=== Section Start ===

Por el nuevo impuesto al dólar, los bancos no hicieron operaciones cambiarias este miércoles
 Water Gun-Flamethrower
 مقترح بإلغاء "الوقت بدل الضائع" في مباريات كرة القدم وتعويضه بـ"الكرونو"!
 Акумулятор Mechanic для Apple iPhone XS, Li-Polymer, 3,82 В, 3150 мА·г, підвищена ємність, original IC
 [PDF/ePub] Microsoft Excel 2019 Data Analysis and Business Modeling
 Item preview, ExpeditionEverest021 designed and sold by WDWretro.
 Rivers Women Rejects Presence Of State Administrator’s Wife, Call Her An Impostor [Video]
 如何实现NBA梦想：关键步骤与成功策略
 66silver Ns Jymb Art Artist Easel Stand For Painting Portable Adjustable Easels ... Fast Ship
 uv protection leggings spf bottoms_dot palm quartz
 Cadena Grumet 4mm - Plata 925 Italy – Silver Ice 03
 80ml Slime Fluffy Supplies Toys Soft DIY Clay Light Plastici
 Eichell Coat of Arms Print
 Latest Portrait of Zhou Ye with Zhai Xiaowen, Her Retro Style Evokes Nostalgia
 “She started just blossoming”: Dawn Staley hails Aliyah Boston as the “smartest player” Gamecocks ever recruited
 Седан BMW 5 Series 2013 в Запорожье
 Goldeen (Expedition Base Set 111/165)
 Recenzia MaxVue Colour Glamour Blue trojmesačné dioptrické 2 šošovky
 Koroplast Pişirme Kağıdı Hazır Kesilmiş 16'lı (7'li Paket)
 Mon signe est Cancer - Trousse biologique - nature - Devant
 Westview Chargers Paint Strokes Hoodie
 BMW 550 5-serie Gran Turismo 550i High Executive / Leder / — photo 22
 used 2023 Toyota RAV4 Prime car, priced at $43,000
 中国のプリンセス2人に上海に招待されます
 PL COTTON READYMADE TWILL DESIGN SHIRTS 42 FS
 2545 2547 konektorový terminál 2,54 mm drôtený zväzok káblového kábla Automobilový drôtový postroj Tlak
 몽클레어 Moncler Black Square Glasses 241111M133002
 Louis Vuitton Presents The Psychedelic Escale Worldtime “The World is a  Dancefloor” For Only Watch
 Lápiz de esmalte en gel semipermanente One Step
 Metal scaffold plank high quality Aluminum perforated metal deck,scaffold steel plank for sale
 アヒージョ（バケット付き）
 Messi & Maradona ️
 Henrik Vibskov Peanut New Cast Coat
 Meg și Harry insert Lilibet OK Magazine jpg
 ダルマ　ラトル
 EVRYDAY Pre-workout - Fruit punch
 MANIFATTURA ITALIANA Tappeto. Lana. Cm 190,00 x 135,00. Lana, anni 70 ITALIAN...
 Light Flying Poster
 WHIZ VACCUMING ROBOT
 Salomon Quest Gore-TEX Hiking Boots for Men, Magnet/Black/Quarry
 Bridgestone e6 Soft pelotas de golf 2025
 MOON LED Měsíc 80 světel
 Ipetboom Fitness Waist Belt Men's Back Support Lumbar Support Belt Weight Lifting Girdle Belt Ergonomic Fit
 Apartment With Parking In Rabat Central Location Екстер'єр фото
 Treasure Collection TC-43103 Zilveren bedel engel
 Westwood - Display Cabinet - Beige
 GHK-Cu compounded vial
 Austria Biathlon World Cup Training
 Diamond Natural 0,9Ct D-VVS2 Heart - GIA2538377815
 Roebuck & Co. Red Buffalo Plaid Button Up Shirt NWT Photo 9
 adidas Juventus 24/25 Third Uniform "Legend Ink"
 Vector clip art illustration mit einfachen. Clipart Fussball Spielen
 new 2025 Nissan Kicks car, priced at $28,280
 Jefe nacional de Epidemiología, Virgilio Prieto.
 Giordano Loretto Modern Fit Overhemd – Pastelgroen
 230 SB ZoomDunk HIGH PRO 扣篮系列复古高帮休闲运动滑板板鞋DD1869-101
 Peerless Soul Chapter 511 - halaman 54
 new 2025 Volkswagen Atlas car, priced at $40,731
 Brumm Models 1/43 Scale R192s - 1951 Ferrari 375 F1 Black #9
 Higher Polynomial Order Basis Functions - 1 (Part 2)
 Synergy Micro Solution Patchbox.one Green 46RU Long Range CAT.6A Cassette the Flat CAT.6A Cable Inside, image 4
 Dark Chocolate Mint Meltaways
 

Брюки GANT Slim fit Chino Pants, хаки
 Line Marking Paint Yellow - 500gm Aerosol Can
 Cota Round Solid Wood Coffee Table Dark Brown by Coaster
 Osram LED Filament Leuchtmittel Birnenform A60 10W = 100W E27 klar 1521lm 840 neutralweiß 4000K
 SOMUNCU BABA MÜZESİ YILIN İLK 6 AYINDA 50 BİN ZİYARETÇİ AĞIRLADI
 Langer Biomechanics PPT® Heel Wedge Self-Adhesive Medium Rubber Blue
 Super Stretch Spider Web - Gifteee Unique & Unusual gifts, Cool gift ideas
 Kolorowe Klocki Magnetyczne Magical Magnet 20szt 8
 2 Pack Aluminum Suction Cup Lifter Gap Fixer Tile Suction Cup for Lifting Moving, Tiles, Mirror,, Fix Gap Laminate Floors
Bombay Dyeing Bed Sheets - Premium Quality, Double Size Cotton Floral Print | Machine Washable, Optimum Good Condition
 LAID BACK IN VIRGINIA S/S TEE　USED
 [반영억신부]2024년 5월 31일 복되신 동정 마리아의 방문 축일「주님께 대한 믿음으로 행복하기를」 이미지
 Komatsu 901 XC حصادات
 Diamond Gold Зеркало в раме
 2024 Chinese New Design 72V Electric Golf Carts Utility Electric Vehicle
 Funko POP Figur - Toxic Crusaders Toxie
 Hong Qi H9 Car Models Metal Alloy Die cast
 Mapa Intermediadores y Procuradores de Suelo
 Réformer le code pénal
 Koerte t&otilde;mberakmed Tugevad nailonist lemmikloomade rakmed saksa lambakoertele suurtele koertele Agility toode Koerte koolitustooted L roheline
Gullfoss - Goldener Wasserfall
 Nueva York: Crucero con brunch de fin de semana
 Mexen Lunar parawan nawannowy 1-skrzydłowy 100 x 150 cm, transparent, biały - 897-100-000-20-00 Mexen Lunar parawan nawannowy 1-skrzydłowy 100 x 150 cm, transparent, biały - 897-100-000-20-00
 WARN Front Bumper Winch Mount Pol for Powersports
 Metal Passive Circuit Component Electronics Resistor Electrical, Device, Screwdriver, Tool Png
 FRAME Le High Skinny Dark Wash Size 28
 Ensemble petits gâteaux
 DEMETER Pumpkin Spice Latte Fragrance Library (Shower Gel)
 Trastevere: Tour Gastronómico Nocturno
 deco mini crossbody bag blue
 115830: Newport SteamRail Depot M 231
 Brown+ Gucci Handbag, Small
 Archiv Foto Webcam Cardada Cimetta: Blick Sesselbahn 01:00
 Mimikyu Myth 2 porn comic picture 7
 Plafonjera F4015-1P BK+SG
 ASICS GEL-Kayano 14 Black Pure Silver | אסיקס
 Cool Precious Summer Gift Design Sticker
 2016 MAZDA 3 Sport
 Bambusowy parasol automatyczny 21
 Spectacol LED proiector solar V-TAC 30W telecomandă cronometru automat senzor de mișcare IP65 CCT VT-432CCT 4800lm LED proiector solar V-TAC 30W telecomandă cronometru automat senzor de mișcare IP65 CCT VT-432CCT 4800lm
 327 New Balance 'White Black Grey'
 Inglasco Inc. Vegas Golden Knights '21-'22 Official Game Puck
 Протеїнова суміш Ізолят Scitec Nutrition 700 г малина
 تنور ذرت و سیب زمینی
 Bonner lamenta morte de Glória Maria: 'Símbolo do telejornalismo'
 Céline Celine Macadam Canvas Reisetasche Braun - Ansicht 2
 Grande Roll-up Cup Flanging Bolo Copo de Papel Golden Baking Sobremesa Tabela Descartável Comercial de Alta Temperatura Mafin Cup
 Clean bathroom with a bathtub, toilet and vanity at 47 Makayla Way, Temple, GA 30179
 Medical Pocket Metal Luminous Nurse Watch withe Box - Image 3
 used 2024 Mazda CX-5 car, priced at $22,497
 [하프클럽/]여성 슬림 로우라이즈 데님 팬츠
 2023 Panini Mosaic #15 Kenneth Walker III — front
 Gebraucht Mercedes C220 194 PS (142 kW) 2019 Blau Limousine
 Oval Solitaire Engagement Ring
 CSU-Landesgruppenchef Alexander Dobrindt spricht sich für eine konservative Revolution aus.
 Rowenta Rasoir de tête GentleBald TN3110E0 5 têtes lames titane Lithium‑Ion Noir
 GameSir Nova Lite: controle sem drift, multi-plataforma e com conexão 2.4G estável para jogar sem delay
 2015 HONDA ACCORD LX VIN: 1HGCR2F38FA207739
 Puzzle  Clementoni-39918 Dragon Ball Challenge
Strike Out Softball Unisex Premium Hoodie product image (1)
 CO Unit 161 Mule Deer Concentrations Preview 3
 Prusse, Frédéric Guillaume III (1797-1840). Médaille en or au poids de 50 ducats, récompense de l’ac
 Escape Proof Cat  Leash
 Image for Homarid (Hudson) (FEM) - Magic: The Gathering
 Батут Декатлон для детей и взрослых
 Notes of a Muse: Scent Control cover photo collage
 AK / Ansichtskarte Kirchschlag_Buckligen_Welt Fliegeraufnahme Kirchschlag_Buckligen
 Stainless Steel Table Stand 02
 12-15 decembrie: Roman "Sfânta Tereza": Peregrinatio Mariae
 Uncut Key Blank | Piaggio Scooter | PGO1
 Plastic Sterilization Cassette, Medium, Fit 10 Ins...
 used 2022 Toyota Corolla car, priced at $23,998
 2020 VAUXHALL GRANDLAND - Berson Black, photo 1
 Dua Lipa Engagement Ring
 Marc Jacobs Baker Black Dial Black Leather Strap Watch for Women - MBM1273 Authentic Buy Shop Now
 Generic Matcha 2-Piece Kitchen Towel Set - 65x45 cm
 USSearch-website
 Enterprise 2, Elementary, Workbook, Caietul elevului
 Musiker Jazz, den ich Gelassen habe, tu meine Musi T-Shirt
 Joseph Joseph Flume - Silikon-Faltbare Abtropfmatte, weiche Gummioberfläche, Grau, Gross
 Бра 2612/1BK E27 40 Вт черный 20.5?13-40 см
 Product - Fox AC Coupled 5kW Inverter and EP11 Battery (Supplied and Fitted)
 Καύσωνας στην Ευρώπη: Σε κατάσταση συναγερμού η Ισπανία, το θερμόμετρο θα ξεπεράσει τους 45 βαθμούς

=== Section End ===

→ **Task requirements**: From the listing above, output exactly the run of lines that starts with the line containing "في مباريات كرة" and ends with the line containing "Cadena Grumet 4mm".

→ **Task response**:
 مقترح بإلغاء "الوقت بدل الضائع" في مباريات كرة القدم وتعويضه بـ"الكرونو"!
 Акумулятор Mechanic для Apple iPhone XS, Li-Polymer, 3,82 В, 3150 мА·г, підвищена ємність, original IC
 [PDF/ePub] Microsoft Excel 2019 Data Analysis and Business Modeling
 Item preview, ExpeditionEverest021 designed and sold by WDWretro.
 Rivers Women Rejects Presence Of State Administrator’s Wife, Call Her An Impostor [Video]
 如何实现NBA梦想：关键步骤与成功策略
 66silver Ns Jymb Art Artist Easel Stand For Painting Portable Adjustable Easels ... Fast Ship
 uv protection leggings spf bottoms_dot palm quartz
 Cadena Grumet 4mm - Plata 925 Italy – Silver Ice 03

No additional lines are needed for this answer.